Since for every substring of a String of length >= 2 the text contains at least one substring of length 2 at least as many times, we only need to investigate substrings of length 2.
val s = "hello world this is hello world. hello world repeats three times in this string!"
val li = s.sliding (2, 1).toList
// li: List[String] = List(he, el, ll, lo, "o ", " w", wo, or, rl, ld, "d ", " t", th, hi, is, "s ", " i", is, "s ", " h", he, el, ll, lo, "o ", " w", wo, or, rl, ld, d., ". ", " h", he, el, ll, lo, "o ", " w", wo, or, rl, ld, "d ", " r", re, ep, pe, ea, at, ts, "s ", " t", th, hr, re, ee, "e ", " t", ti, im, me, es, "s ", " i", in, "n ", " t", th, hi, is, "s ", " s", st, tr, ri, in, ng, g!)
val uniques = li.toSet
uniques.toList.map (u => li.count (_ == u))
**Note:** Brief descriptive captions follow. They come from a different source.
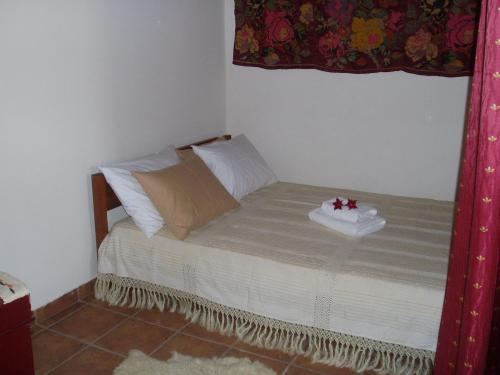 a small bed in a room with a window at Ostria's House in Kissamos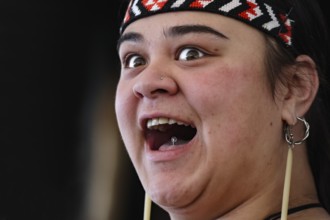 Woman with joyful facial expression in traditional dress, Rotorua, Whakarewarewa, New Zealand
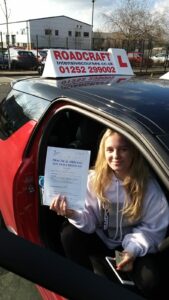 Roadcraft student holding driving test pass certificate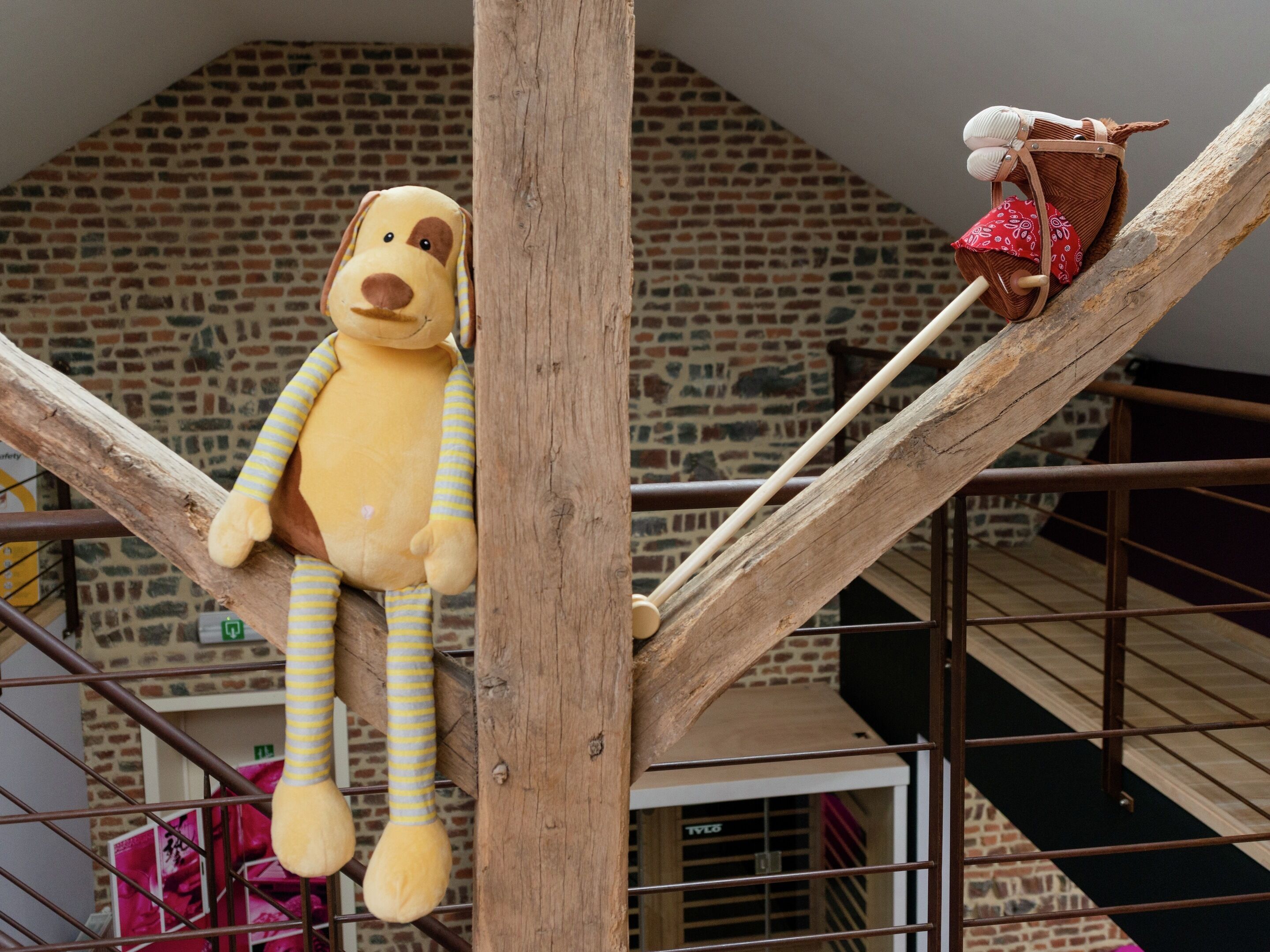 A stuffed dog toy on a wooden structure with a brick wall in the background.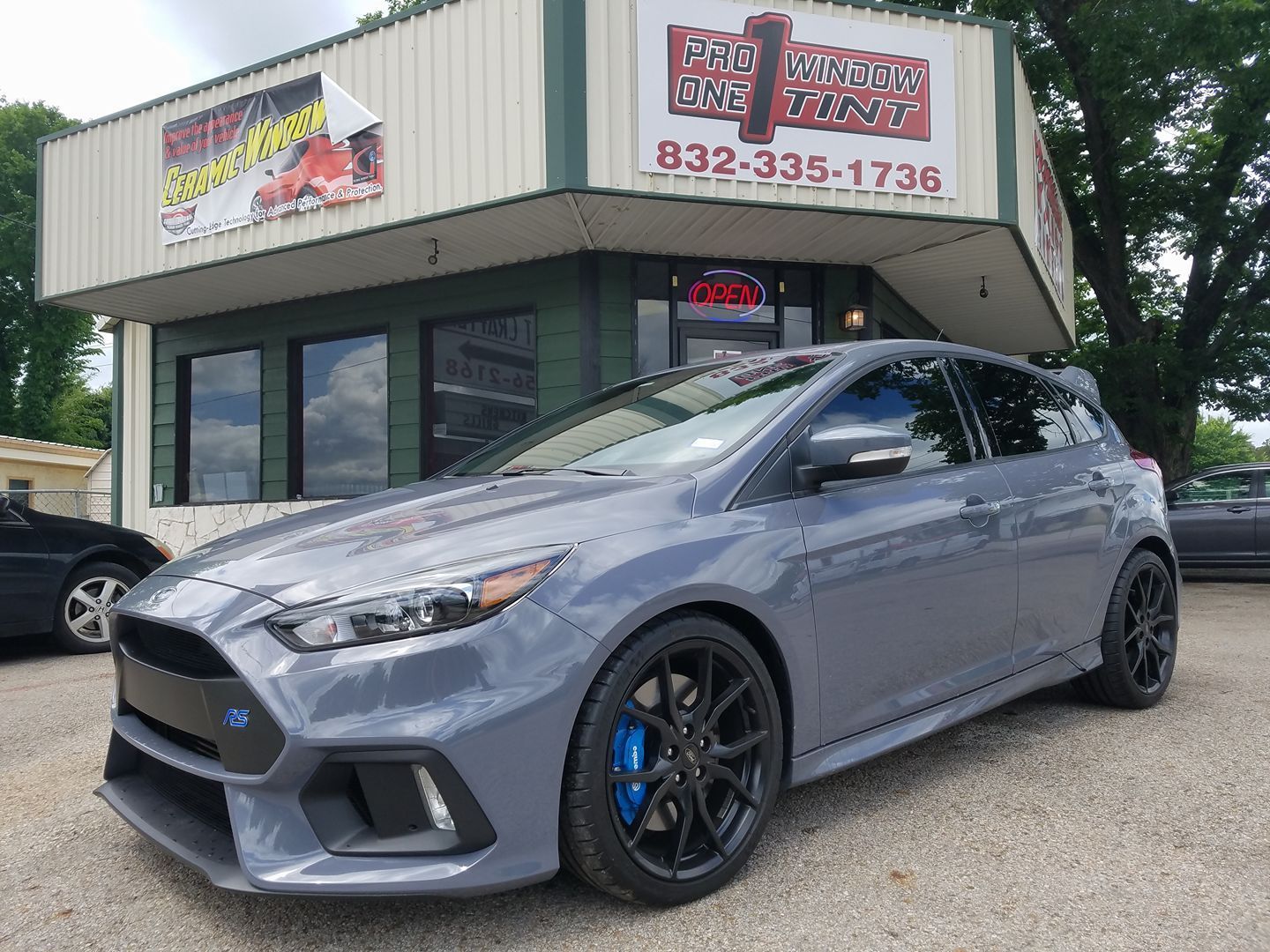 Gray Ford Focus RS in front of a shop with a sign and phone number, 832-335-1736.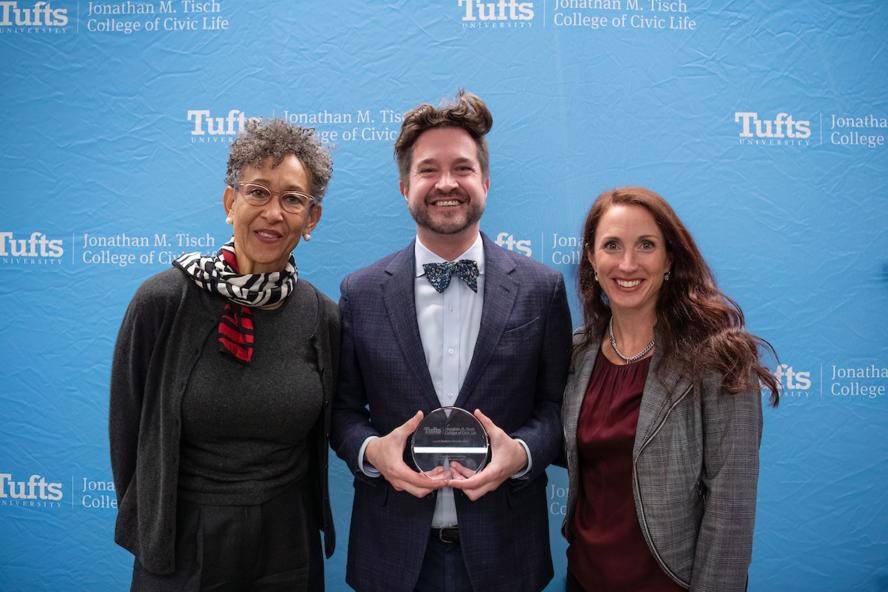 Two woman posing with a man who won a Tuft's Award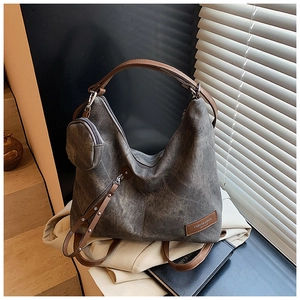 Detail of dark grey tote bag with vintage texture, leather handles and metallic zipper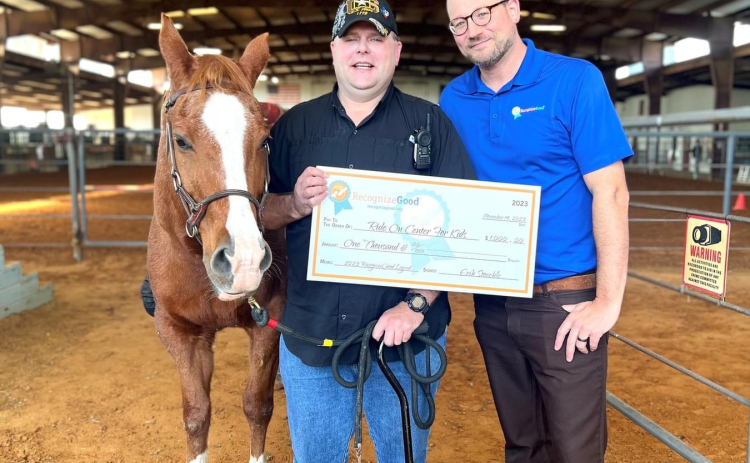 Erik Stoeckle, center, is one of seven recipients of the 2023 RecognizeGood Legend Award. As of writing, he has 18,000 volunteer hours with ROCK. Photo courtesy of Ride On Center for Kids.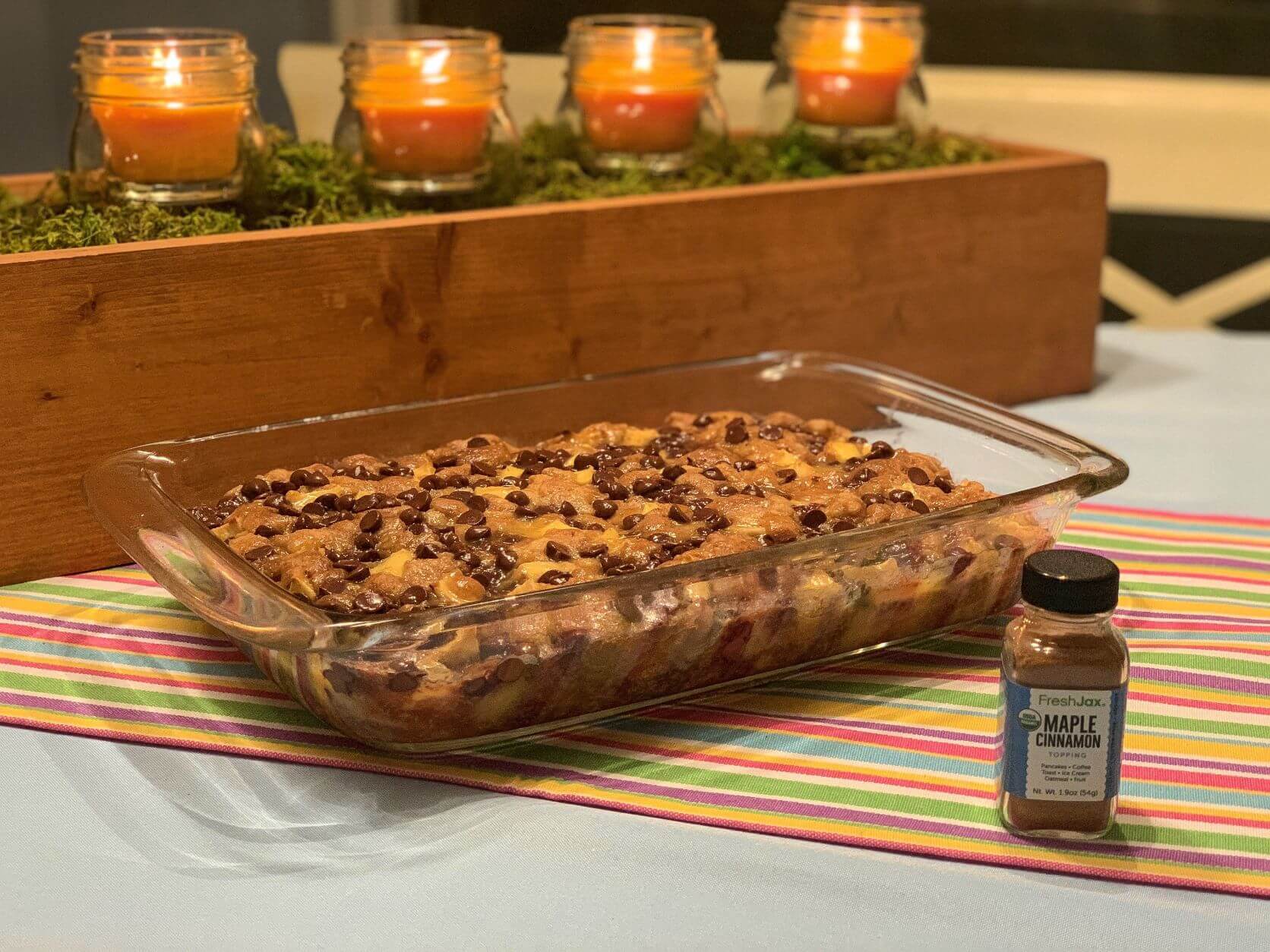 Chocolate chip apple cake in glass dish with a sampler bottle of FreshJax maple cinnamon topping. Orange candles in background. 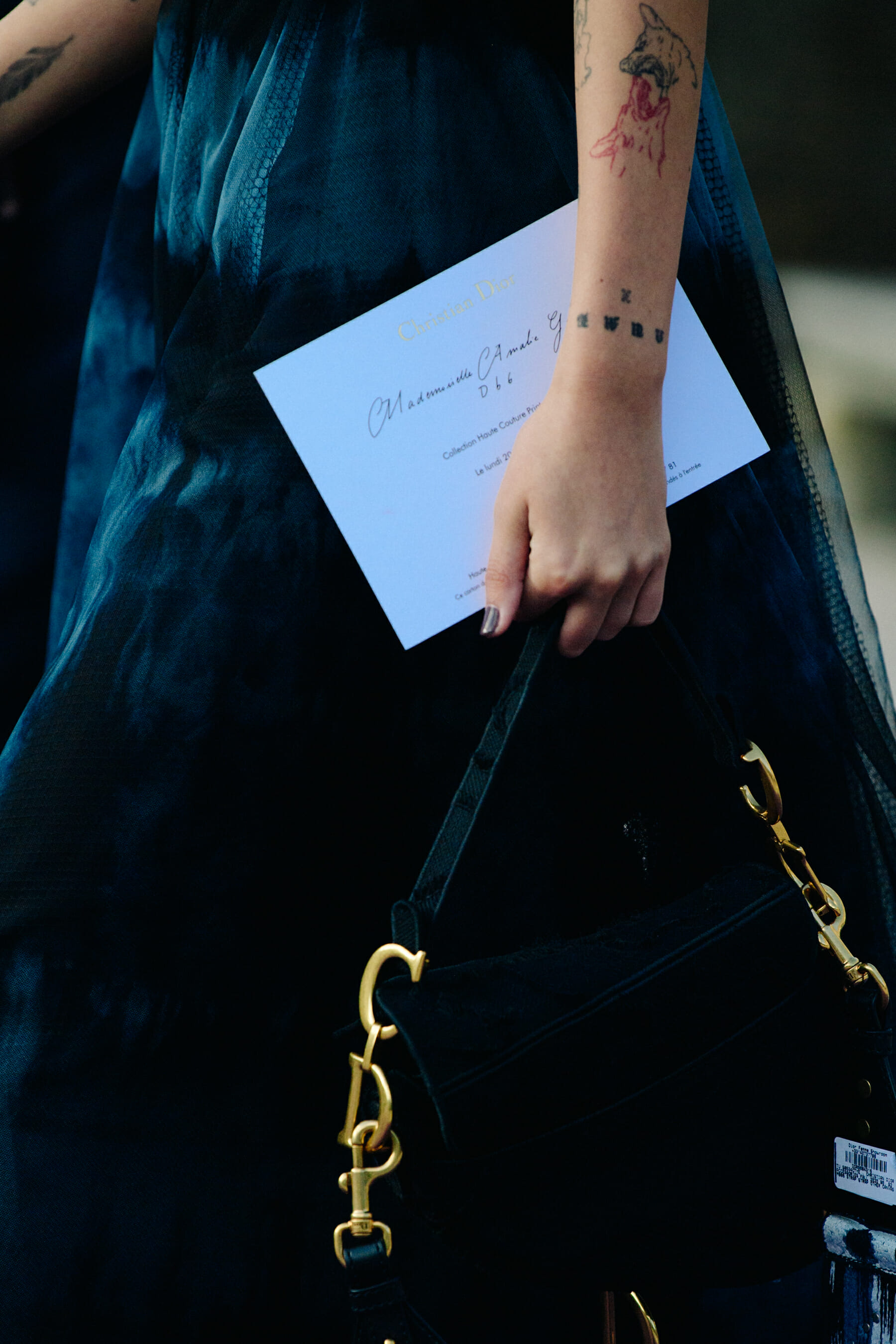 Woman carrying Dior bag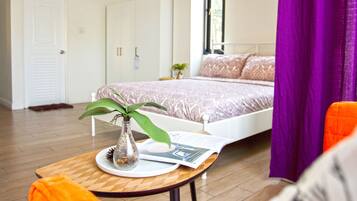 A bedroom with a bed, a nightstand, a window, and a door.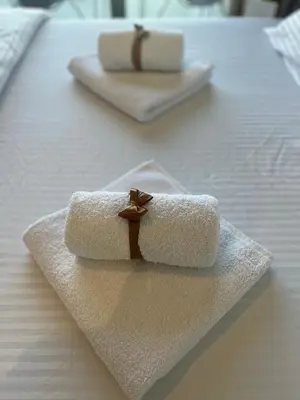 a couple of towels sitting on top of a bed at Solis BW Apartments in Belgrade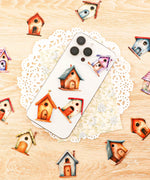 Various colorful birdhouse stickers from the 20 Pcs Grabie Exclusive Fairybird House Sticker Set displayed on a wooden surface and phone.
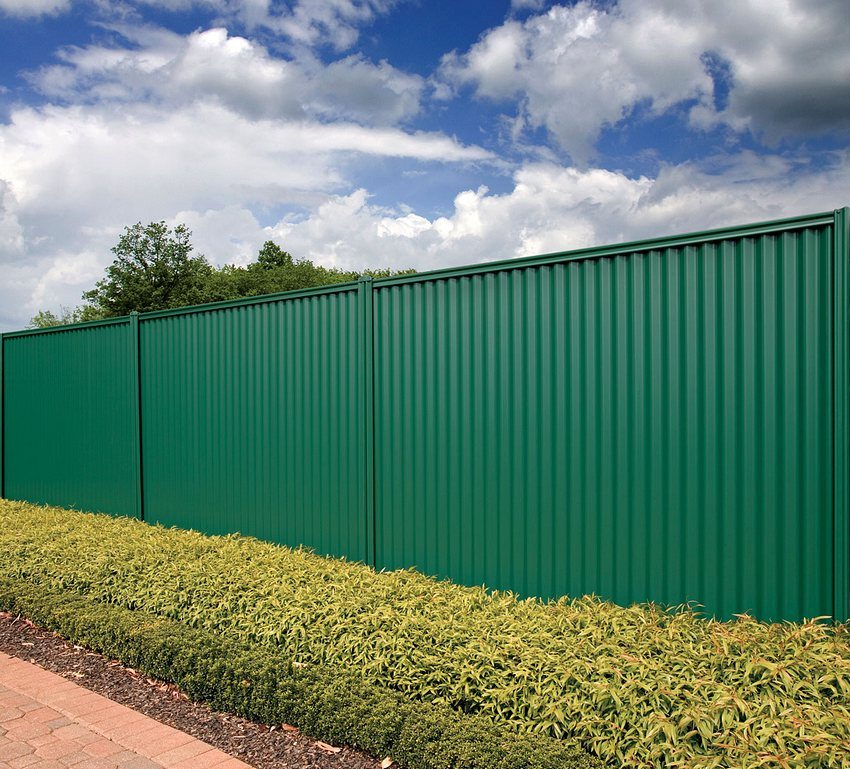 Simple solid corrugated fence around the territory of a private house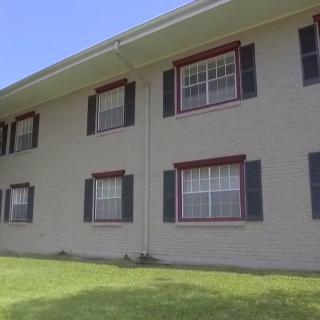 A residential building with multiple windows and a grassy lawn.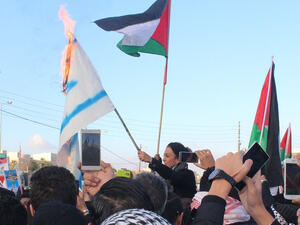 محتجون يحرقون علم "اسرائيل" خلال الاعتصام أمام السفارة الأميركية في عمان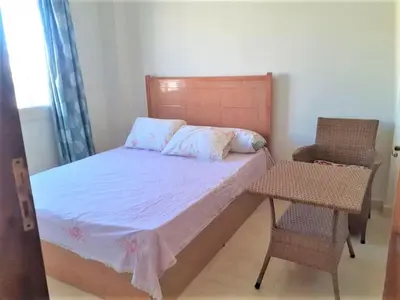 a small bedroom with a bed and a chair at 2BR Makadi heights -cozy Flat in Hurghada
// res18: List[Int] = List(1, 2, 1, 1, 3, 1, 5, 1, 1, 3, 1, 1, 3, 2, 1, 3, 1, 3, 2, 3, 1, 1, 1, 1, 1, 3, 1, 3, 3, 1, 3, 1, 1, 1, 3, 3, 2, 4, 1, 2, 2, 1)
uniques.toList(6)
res19: String = "s "
Perl, O(n²) solution
my $str = "hello world this is hello world. hello world repeats three times in this string!";
my #words = split(/[^a-z]+/i, $str);
my ($display,$ix,$i,%ocur) = 10;
# calculate
for ($ix=0 ; $ix<=$#words ; $ix++) {
for ($i=$ix ; $i<=$#words ; $i++) {
$ocur{ join(':', #words[$ix .. $i]) }++;
}
}
# display
foreach (sort { my $c = $ocur{$b} <=> $ocur{$a} ; return $c ? $c : split(/:/,$b)-split(/:/,$a); } keys %ocur) {
print "$_: $ocur{$_}\n";
last if !--$display;
}
displays the 10 best scores of the most common sub strings (in case of tie, show the longest chain of words first). Change $display to 1 to have only the result.There are n(n+1)/2 iterations.